Exercise aim
When the line containing "Leżak w kształcie" is found in the data below, give it again along with every later line, exactly; drop the pictures.

┌────────

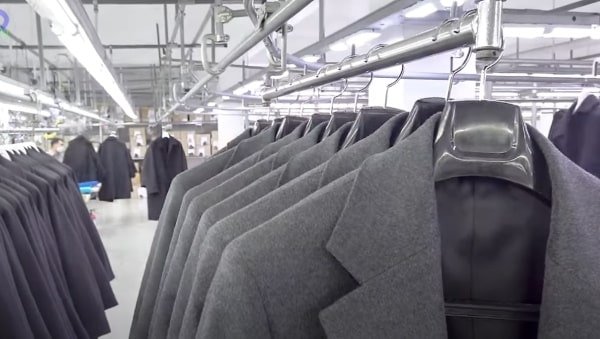 Процес масового виробництва чоловічого пальта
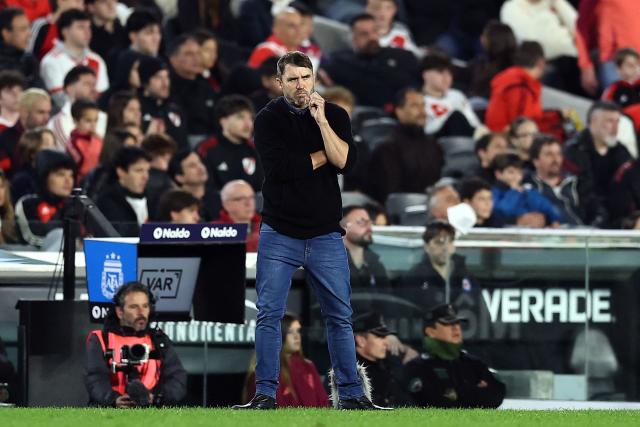 River Plate's head coach Eduardo Coudet gestures during the Argentine Professional League 2026 Clausura football match between River Plate and Argentinos Juniors at MAS Monumental Stadium in Buenos Aires on August 16, 2026. (Photo by Alejandro PAGNI / AFP)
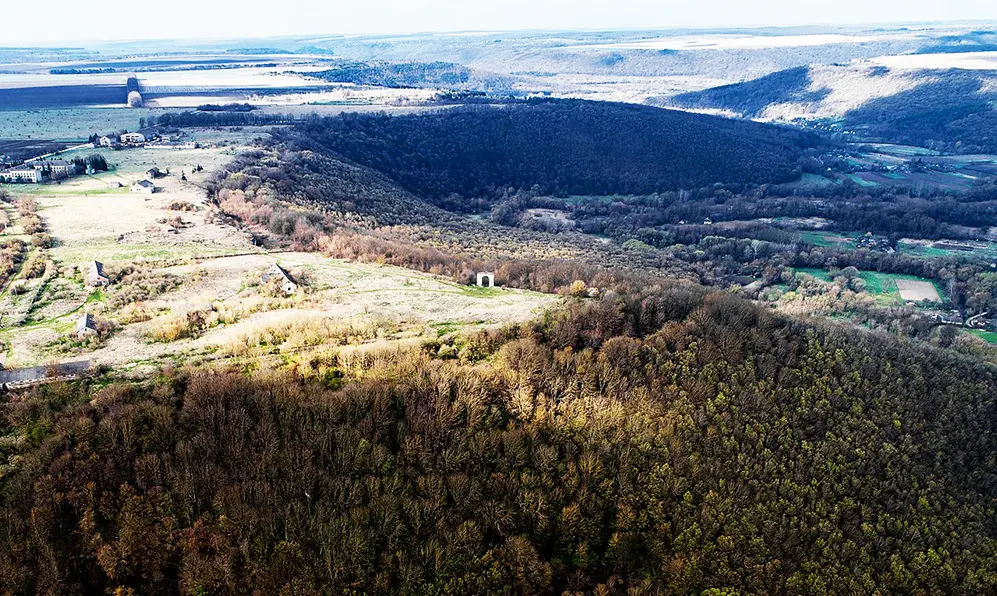 Отроків на Хмельниччині та його історична спадщина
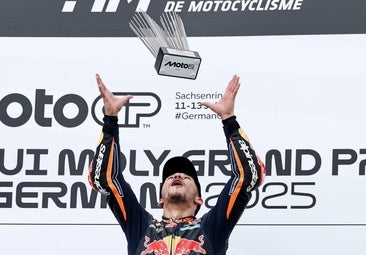 Deniz Öncü gana una accidentada e inacabada carrera de Moto2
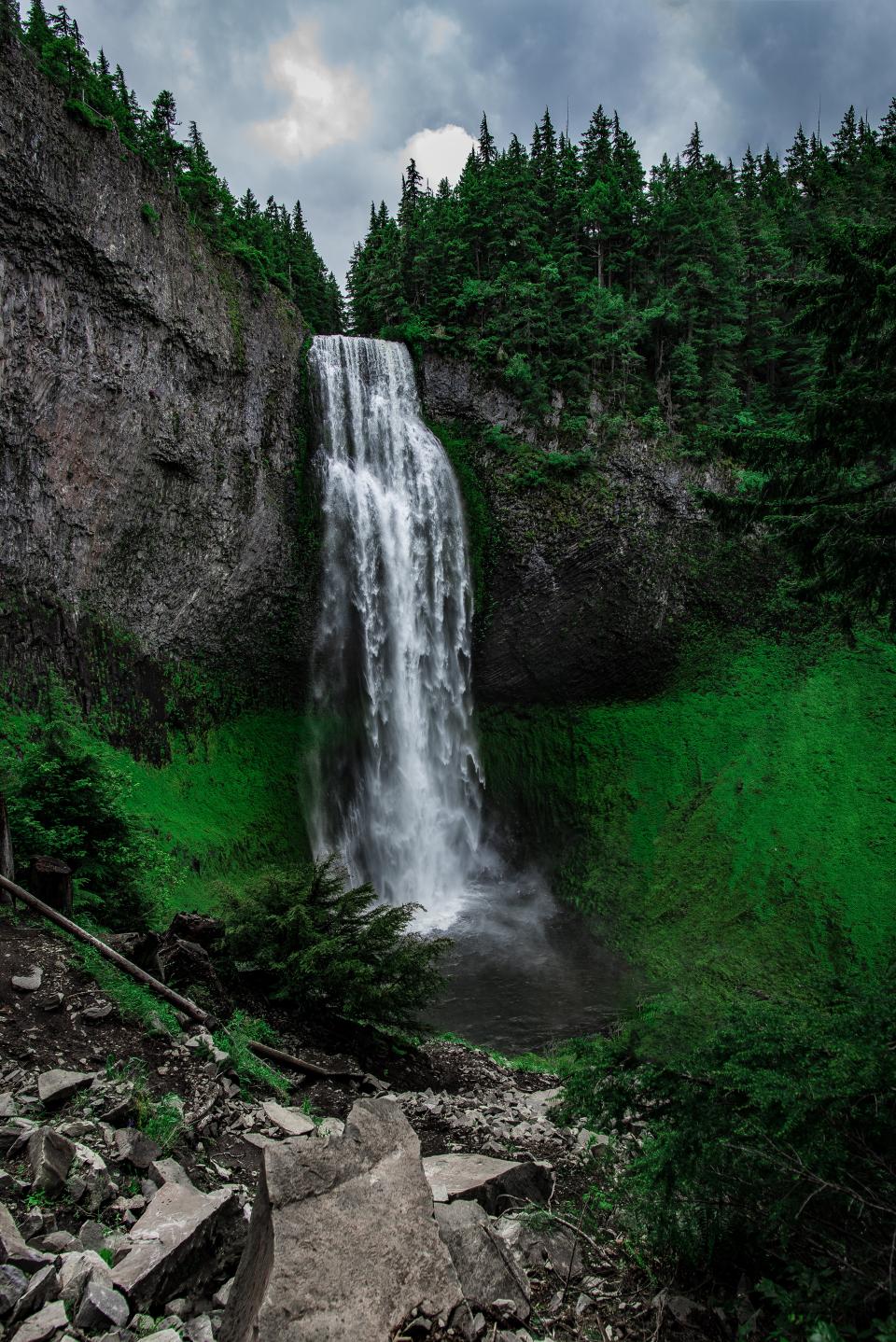 Waterfalls Green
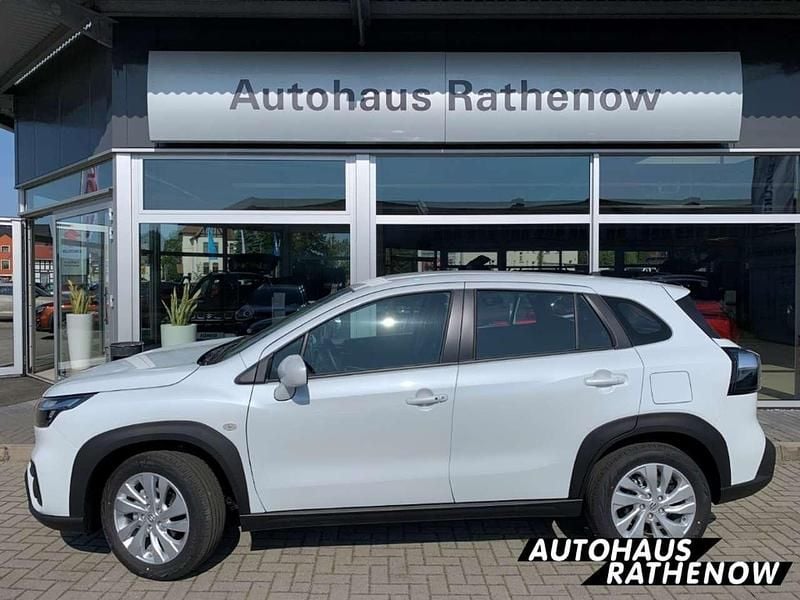 Cool white pearl metallic Neu 2025 Suzuki SX4 S-Cross SUV | 23.000 € (Superpreis) - Bild 1/4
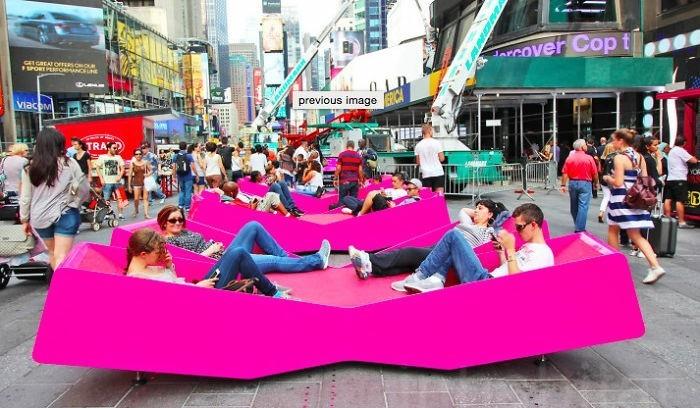 Leżak w kształcie ławki fioletowy Times Square w Nowym Jorku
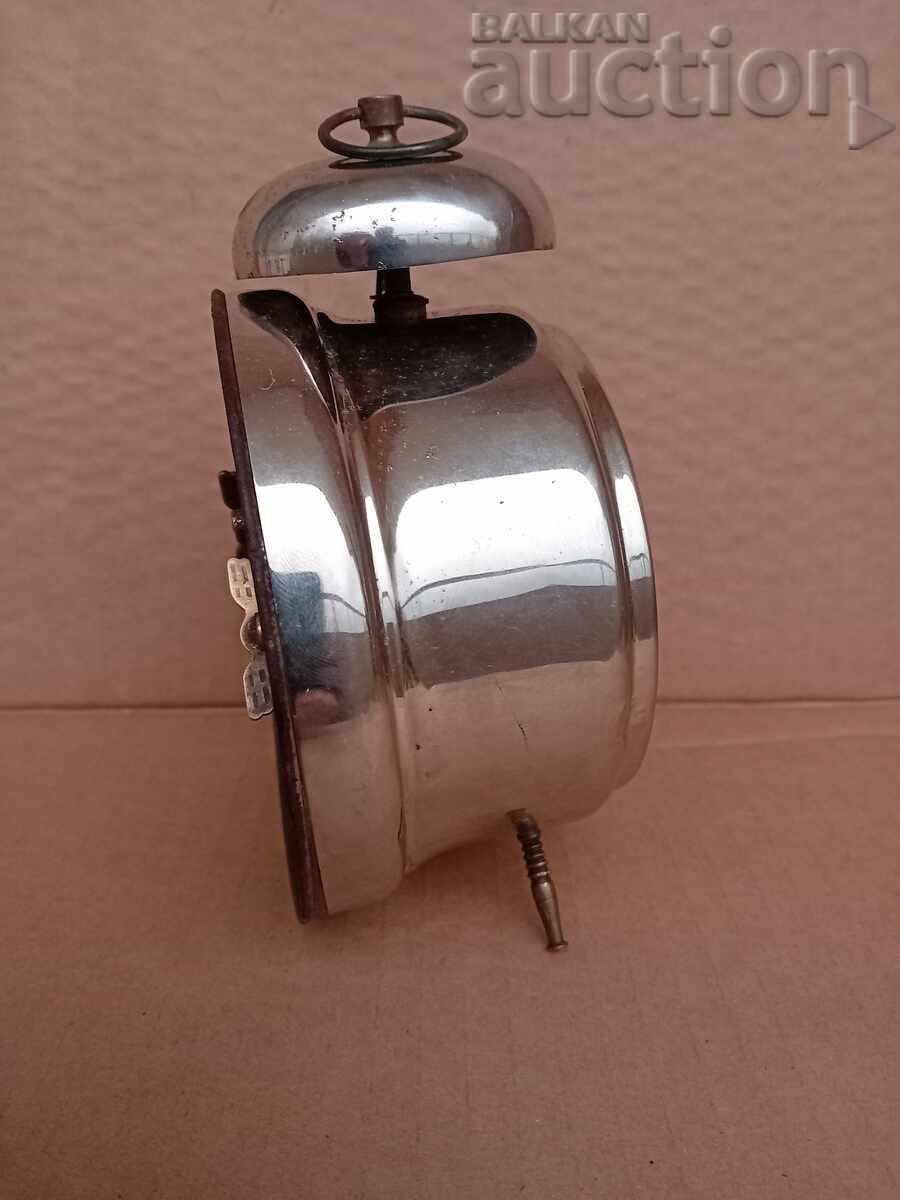 Delivery of OLD DESK CLOCK KIENZLE alarm clock Delivery of OLD DESK CLOCK KIENZLE alarm clock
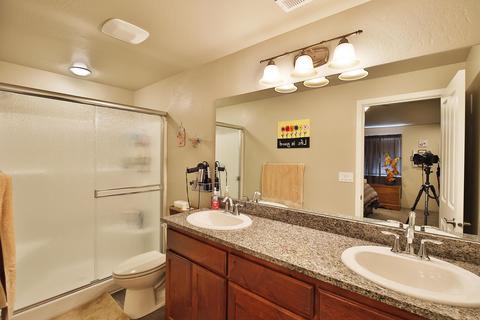 888 Stonewater Dr, Eagle Point, OR 97524 photo 18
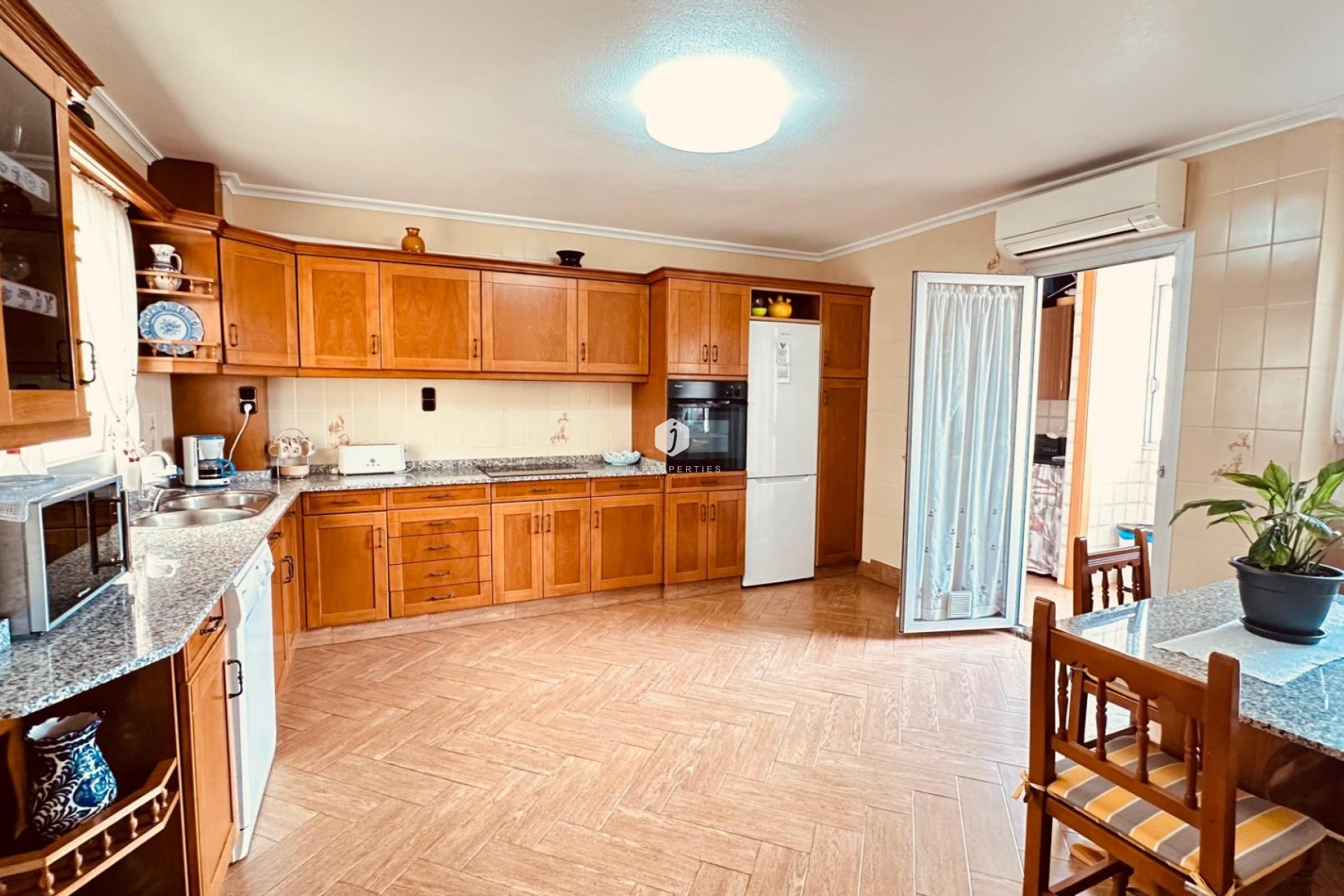 Aus zweiter Hand - Wohnung -
Torrevieja - Centro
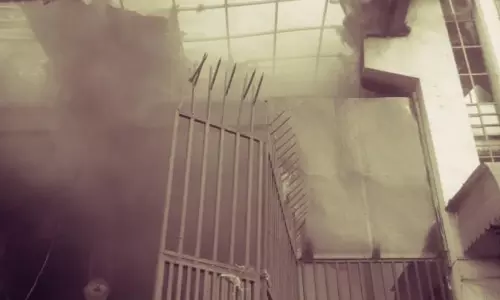 ఢిల్లీ కార్డ్‌బోర్డ్ ఫ్యాక్టరీలో అగ్నిప్రమాదం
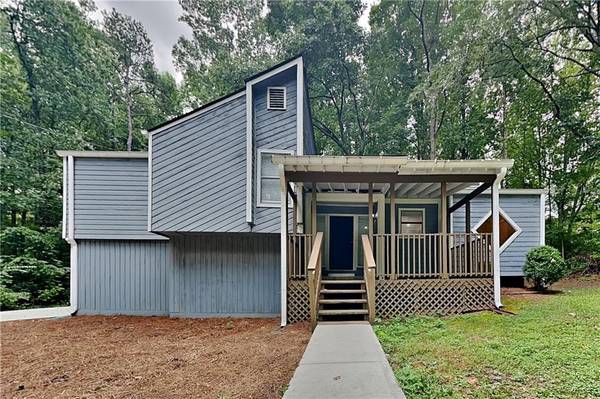 409 Creekside LN, Woodstock, GA 30188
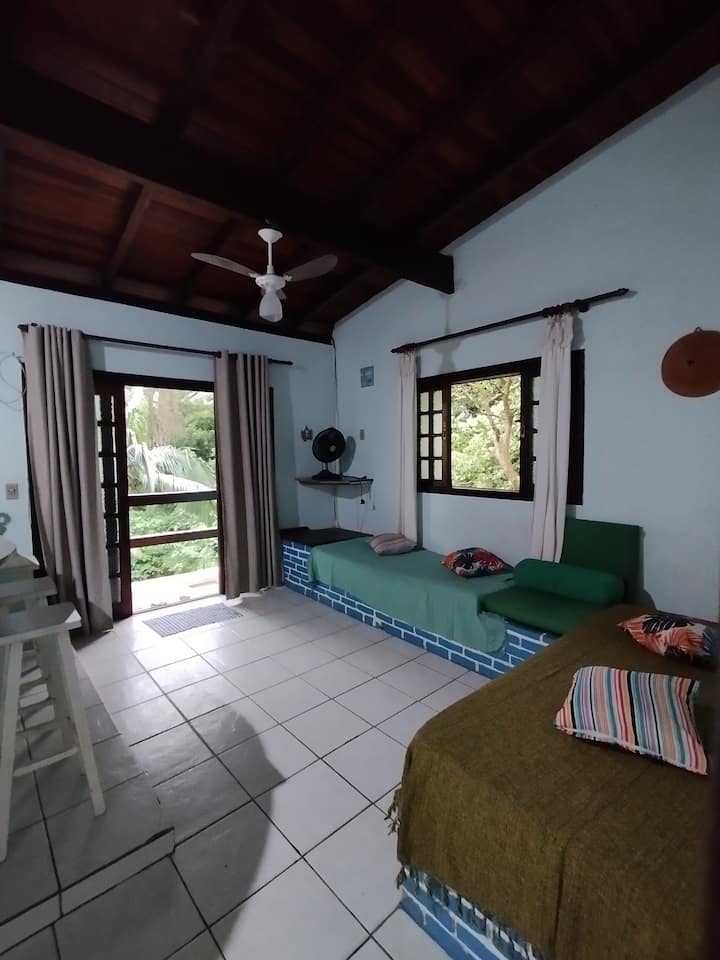 მისაღები ოთახი, რომელშიც დივნები ერთადგილიანი საწოლებიცაა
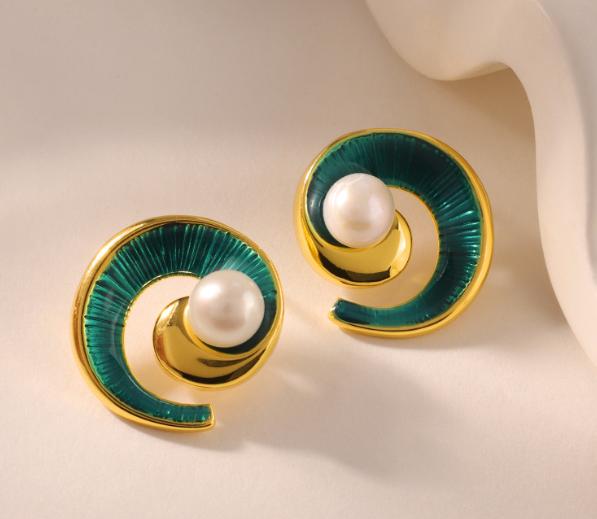 Retro Enamel Conch Freshwater Pearls Earrings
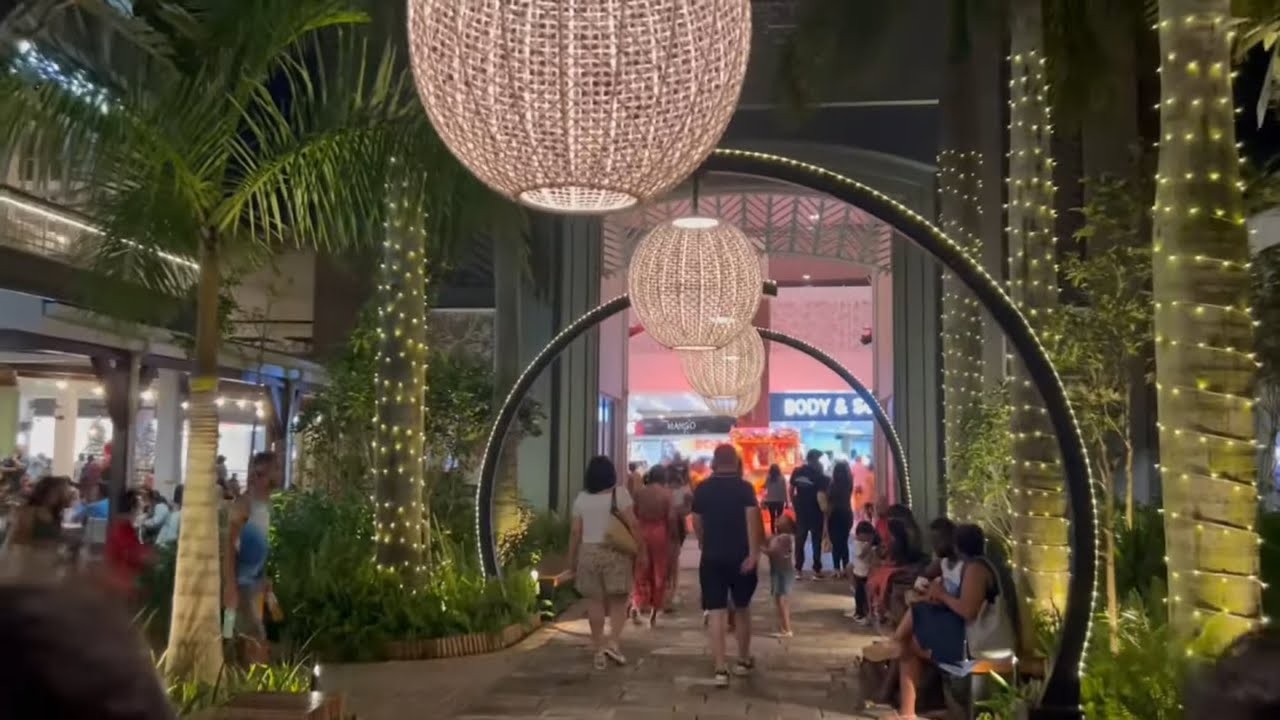 Walking Friday night at bagatelle mall 3 days before Christmas POV Mauritius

└────────

Exercise result
 Leżak w kształcie ławki fioletowy Times Square w Nowym Jorku
 Delivery of OLD DESK CLOCK KIENZLE alarm clock Delivery of OLD DESK CLOCK KIENZLE alarm clock
 888 Stonewater Dr, Eagle Point, OR 97524 photo 18
 Aus zweiter Hand - Wohnung -
Torrevieja - Centro
 ఢిల్లీ కార్డ్‌బోర్డ్ ఫ్యాక్టరీలో అగ్నిప్రమాదం
 409 Creekside LN, Woodstock, GA 30188
 მისაღები ოთახი, რომელშიც დივნები ერთადგილიანი საწოლებიცაა
 Retro Enamel Conch Freshwater Pearls Earrings
 Walking Friday night at bagatelle mall 3 days before Christmas POV Mauritius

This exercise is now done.